- [Work task]:
Your answer should consist of each line below that includes the word "Cotton".
'''
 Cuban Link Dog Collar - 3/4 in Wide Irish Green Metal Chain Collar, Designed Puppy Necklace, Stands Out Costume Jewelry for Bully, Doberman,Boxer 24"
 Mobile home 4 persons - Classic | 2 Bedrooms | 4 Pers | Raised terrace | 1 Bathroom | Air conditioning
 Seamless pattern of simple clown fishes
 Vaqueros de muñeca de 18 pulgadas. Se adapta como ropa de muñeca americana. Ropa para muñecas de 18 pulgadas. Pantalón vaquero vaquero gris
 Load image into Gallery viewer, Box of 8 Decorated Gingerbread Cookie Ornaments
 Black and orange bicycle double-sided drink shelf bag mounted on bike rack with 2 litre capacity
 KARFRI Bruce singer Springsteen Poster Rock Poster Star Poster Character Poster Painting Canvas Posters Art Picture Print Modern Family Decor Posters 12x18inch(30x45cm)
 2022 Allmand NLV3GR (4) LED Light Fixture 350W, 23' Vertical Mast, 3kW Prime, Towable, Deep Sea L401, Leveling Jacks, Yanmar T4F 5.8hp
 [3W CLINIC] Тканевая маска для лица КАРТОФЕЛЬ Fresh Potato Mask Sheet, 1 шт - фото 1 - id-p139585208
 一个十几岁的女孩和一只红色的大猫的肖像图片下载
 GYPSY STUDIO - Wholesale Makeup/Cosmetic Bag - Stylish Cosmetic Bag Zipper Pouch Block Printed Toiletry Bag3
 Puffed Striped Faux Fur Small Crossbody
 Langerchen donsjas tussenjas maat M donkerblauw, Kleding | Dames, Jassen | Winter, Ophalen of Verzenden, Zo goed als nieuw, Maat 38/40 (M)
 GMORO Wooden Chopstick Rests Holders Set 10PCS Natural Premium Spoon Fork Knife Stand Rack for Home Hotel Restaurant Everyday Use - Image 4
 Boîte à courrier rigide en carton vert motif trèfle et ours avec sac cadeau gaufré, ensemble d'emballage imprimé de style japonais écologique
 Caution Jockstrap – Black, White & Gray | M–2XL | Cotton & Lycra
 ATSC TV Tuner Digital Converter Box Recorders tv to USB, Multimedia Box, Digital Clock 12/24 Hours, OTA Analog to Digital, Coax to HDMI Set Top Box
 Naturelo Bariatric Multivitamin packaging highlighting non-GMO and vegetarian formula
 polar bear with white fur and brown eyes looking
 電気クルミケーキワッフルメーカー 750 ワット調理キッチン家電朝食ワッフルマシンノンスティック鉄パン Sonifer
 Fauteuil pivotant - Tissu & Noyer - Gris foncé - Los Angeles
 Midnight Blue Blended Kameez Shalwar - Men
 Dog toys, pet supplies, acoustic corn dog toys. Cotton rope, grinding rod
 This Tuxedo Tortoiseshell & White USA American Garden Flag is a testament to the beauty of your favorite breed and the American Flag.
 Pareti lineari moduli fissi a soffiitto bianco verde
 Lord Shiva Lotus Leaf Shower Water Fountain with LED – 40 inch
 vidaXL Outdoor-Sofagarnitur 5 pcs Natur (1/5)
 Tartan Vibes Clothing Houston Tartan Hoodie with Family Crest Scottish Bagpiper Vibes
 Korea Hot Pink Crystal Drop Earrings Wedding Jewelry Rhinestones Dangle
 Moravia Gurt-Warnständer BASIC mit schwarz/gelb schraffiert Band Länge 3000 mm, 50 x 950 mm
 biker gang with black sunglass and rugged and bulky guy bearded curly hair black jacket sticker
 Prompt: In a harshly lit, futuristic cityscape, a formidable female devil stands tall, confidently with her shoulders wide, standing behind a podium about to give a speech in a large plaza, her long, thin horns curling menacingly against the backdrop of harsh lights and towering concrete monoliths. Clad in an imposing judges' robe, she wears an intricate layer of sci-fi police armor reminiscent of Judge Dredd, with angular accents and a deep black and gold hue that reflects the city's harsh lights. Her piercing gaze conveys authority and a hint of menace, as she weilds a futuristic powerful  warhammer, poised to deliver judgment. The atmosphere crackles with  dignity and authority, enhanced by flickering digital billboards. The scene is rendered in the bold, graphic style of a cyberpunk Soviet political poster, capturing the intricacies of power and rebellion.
'''
- [Result of this task]:
 Caution Jockstrap – Black, White & Gray | M–2XL | Cotton & Lycra
 Dog toys, pet supplies, acoustic corn dog toys. Cotton rope, grinding rod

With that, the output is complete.